▶ **WHAT TO DO**
Of all the entries below, only the lines from the one with "魔法工艺上线时间🔥公测倒计时💥截图3" up to and including the one with "圣经图表——《歌罗西书》(图5)" are to be duplicated exactly.

ENTRIES SHOWN Block Start

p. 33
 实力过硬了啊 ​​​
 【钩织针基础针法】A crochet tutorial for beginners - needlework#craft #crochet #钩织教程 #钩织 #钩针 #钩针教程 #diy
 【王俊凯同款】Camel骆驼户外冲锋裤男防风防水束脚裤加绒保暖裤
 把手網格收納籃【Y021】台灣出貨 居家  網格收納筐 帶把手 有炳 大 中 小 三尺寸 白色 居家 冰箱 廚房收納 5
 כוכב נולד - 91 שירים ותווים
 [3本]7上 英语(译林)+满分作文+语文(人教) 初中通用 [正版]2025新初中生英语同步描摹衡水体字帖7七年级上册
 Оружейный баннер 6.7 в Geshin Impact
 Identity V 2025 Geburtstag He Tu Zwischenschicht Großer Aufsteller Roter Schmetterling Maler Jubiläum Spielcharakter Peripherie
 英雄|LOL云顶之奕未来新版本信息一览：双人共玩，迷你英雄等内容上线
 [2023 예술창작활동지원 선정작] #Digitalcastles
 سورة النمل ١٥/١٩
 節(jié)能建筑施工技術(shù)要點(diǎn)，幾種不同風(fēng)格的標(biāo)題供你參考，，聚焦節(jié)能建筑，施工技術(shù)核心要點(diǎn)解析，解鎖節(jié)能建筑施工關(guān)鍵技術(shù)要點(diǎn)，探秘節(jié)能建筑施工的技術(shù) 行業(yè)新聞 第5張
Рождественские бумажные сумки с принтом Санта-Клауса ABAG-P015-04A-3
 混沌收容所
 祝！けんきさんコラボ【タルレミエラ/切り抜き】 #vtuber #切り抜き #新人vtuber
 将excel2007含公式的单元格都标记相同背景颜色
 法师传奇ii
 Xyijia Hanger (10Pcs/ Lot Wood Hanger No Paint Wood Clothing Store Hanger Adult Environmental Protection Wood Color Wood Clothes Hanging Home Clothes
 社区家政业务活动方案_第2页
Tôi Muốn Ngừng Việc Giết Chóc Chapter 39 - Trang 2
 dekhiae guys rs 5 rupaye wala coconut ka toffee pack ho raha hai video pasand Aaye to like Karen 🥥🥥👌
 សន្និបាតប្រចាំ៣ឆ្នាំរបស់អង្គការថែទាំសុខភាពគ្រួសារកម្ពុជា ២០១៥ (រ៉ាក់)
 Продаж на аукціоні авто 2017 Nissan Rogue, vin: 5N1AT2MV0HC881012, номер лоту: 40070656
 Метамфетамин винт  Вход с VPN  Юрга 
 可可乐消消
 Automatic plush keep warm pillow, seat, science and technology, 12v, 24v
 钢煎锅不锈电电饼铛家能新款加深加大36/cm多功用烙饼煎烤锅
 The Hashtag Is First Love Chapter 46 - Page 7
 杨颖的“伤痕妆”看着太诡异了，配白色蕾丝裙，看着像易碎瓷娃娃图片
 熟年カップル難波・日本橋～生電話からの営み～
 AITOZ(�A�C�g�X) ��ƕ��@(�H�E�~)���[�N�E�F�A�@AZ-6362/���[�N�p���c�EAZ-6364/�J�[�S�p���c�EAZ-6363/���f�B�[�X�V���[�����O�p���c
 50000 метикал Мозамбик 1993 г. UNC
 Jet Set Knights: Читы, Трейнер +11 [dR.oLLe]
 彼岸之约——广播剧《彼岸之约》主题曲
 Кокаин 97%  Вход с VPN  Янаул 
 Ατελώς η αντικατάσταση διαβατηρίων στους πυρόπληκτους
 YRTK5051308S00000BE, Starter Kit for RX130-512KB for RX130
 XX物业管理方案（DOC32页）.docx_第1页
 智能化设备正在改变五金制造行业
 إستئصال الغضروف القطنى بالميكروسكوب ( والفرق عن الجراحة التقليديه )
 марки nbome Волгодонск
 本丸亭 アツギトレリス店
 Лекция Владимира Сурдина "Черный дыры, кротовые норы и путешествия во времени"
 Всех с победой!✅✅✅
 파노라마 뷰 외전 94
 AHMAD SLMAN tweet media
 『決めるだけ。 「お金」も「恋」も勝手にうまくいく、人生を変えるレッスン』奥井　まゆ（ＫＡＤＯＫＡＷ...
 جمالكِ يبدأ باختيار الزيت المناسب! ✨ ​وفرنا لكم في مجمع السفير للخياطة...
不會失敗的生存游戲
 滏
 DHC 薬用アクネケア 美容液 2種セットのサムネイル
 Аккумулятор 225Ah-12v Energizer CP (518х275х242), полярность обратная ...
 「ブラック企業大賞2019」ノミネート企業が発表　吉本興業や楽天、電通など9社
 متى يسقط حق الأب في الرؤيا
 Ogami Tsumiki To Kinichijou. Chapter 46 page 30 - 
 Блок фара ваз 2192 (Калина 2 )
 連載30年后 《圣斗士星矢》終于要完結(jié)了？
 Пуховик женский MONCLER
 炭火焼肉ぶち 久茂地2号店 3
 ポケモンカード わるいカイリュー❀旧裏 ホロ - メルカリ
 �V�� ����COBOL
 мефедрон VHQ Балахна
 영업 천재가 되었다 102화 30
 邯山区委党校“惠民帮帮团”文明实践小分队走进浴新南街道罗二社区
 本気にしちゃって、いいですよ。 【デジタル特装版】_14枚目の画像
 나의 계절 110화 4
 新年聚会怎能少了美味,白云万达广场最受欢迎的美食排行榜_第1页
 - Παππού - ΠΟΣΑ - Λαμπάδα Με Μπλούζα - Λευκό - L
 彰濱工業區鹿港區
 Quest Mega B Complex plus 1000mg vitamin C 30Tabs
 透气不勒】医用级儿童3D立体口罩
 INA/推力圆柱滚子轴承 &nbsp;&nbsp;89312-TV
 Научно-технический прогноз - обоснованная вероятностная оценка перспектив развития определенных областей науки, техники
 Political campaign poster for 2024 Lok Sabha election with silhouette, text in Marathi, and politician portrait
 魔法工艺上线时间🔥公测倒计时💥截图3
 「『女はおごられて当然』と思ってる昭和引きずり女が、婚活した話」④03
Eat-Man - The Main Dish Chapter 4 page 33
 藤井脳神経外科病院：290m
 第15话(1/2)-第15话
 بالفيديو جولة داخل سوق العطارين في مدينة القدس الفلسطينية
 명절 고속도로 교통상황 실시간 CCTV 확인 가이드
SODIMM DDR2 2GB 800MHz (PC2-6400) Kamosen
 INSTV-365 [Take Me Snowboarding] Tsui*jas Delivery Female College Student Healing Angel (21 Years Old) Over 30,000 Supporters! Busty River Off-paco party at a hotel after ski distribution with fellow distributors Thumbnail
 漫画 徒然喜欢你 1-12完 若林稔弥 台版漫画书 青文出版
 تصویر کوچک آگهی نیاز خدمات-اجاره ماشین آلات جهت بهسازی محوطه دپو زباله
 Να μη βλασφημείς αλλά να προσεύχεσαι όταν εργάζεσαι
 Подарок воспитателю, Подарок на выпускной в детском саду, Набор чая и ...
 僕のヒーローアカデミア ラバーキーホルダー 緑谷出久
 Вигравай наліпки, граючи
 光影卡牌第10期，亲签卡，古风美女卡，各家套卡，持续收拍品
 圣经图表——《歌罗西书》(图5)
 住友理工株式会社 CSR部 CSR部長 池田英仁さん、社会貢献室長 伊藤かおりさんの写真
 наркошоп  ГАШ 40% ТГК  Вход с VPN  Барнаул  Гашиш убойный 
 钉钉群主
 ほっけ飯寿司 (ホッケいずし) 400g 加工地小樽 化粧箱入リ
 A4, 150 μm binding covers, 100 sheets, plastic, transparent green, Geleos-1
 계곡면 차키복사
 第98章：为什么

ENTRIES SHOWN Block End

▶ **WRITTEN ANSWER**
 魔法工艺上线时间🔥公测倒计时💥截图3
 「『女はおごられて当然』と思ってる昭和引きずり女が、婚活した話」④03
Eat-Man - The Main Dish Chapter 4 page 33
 藤井脳神経外科病院：290m
 第15话(1/2)-第15话
 بالفيديو جولة داخل سوق العطارين في مدينة القدس الفلسطينية
 명절 고속도로 교통상황 실시간 CCTV 확인 가이드
SODIMM DDR2 2GB 800MHz (PC2-6400) Kamosen
 INSTV-365 [Take Me Snowboarding] Tsui*jas Delivery Female College Student Healing Angel (21 Years Old) Over 30,000 Supporters! Busty River Off-paco party at a hotel after ski distribution with fellow distributors Thumbnail
 漫画 徒然喜欢你 1-12完 若林稔弥 台版漫画书 青文出版
 تصویر کوچک آگهی نیاز خدمات-اجاره ماشین آلات جهت بهسازی محوطه دپو زباله
 Να μη βλασφημείς αλλά να προσεύχεσαι όταν εργάζεσαι
 Подарок воспитателю, Подарок на выпускной в детском саду, Набор чая и ...
 僕のヒーローアカデミア ラバーキーホルダー 緑谷出久
 Вигравай наліпки, граючи
 光影卡牌第10期，亲签卡，古风美女卡，各家套卡，持续收拍品
 圣经图表——《歌罗西书》(图5)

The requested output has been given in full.